Limiting Use, Disclosure & Retention: Is the personal information used or disclosed for the identified purposes? If information is used for other purposes, does the department secure consent? Is the information disposed of when it is no longer necessary?
Accuracy: Does the department ensure that inaccurate personal information is not used or disclosed?
Safeguards: Does the department protect personal information from loss, theft, unauthorized access, disclosure, copying, use or modification?
Openness: Are privacy policies readily available to the public?
Individual Access: Can individuals see any of their personal information? Can they challenge the accuracy of their personal information and demand that it be corrected?
Challenging Compliance: Can individuals challenge the privacy practices of the department?

PIA Process

The PIA is done as part of a cooperative process, tailored for the operations of a specific department or application. It is made up of four core components:

Project initiation: In this step, the scope of the PIA process is defined. Team resources are designated. The required PIA tools are adopted.
Data flow analysis: In this step, the proposed business processes are described. Clusters of personal information are identified in the business processes. Detailed data flowcharts showing the path of personal information are also developed.
Privacy analysis: This involves either a federal program questionnaire, or a cross-jurisdictional questionnaire. The questionnaire responses are discussed and further details are gathered. The privacy issues and implications are described.
Privacy impact analysis report: In this step, privacy risks are summarized. The degree of risk is identified. Any options to mitigate risks are discussed and established.

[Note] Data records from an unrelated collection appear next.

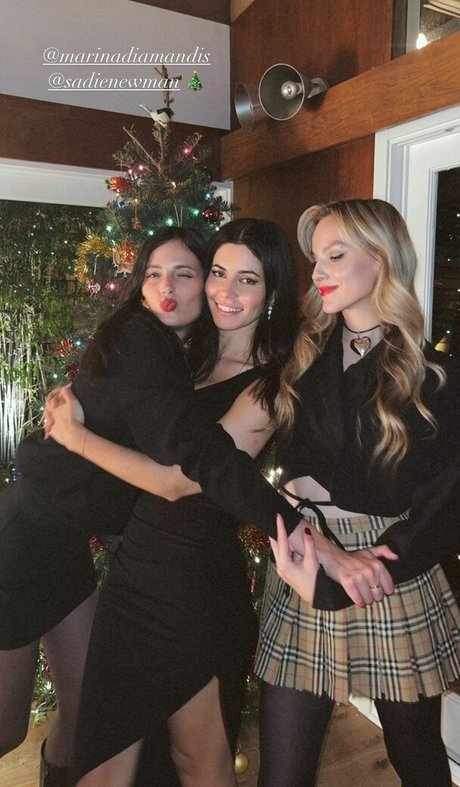 Marina Diamandis star naked gallery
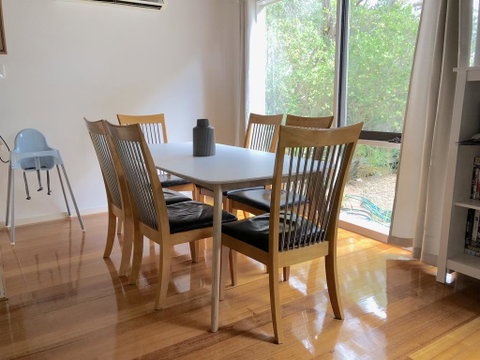 Ariel's Beach House - VIC Tourism 2
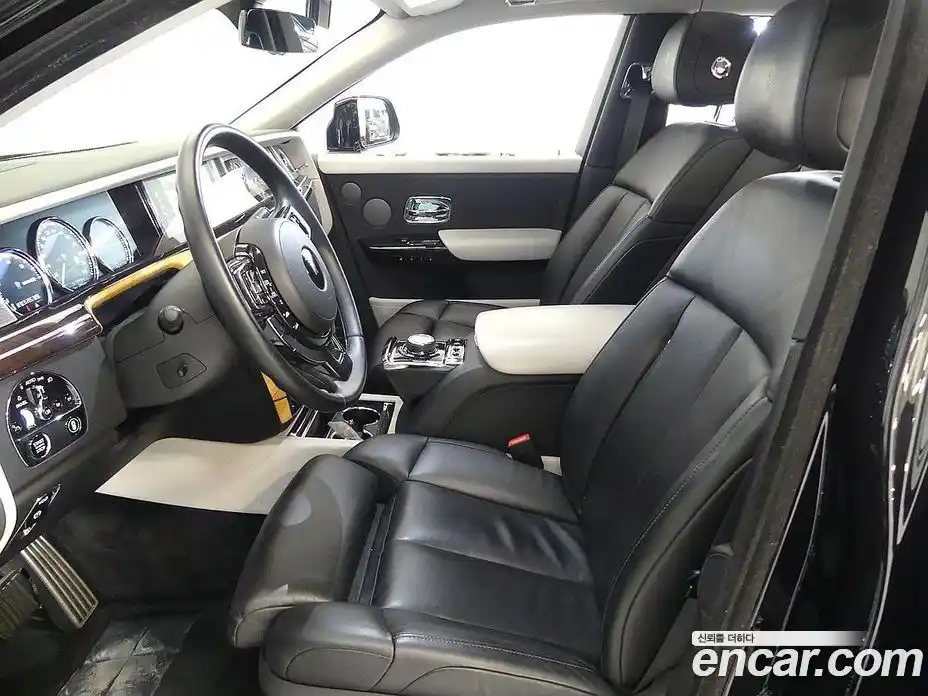 Rolls-Royce Phantom 2021 6.7 Автомат в Москве № 474823, фото 9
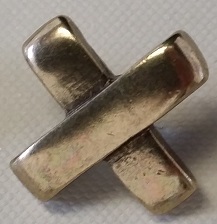 mittlere X-Niete, messingfarben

The result of the PIA process should be a documented evaluation of privacy threats, implications and response strategies. A PIA report should be an effective communication tool for stakeholders. As a result of the process, the assessment team may find one or more of the following common privacy risks:

Data Profiling/Matching

This refers to the combination of unrelated personal information that may be obtained from a number of different sources.
The personal information is used to create new information about the individual.
For example, a person’s preferences and habits are combined to develop a profile.

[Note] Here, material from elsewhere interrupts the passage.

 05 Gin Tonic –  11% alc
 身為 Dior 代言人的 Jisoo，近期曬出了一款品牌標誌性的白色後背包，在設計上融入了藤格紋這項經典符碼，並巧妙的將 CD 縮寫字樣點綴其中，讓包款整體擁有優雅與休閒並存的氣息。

Identification of Individuals

This is especially common for services that are delivered electronically.
Identification and authentication is one way to manage security risks. However, there may be surveillance threats if common identifiers or identification systems can facilitate data sharing, monitoring or profiling.

Transaction Monitoring

This involves the observation or tracking of an individuals’ interaction history.
The result is new personal information that reflects the individual’s overall experience.

Lack of/Doubtful Legal Authority

This involves the failure to identify the program authority to collect, use or disclose personal information.
This may be a violation of privacy legislation as well as the Charter of Rights and Freedoms.

Physical Observation of Individuals

This refers to tracking the movement/location of individuals.
This may involve vehicle transponders, satellite locators, cameras or other recording mechanisms.

Publishing/Redistribution of Personal Information Databases

This is often done through electronic publishing, which facilitates the misuse of information.
Electronic publications can easily be manipulated and used for unauthorized purposes.

The Role of the OPC

During the PIA process, the OPC (Office of the Privacy Commissioner) may consult with departments to ensure that all privacy issues are understood, as well as to offer advice and suggestions regarding potential privacy threats and solutions. The OPC receives the final PIA reports before any new programs or services are implemented. During review, the OPC may offer comments and recommendations to the department. These are not binding; the decision to implement the OPC’s recommendations is solely that of the department.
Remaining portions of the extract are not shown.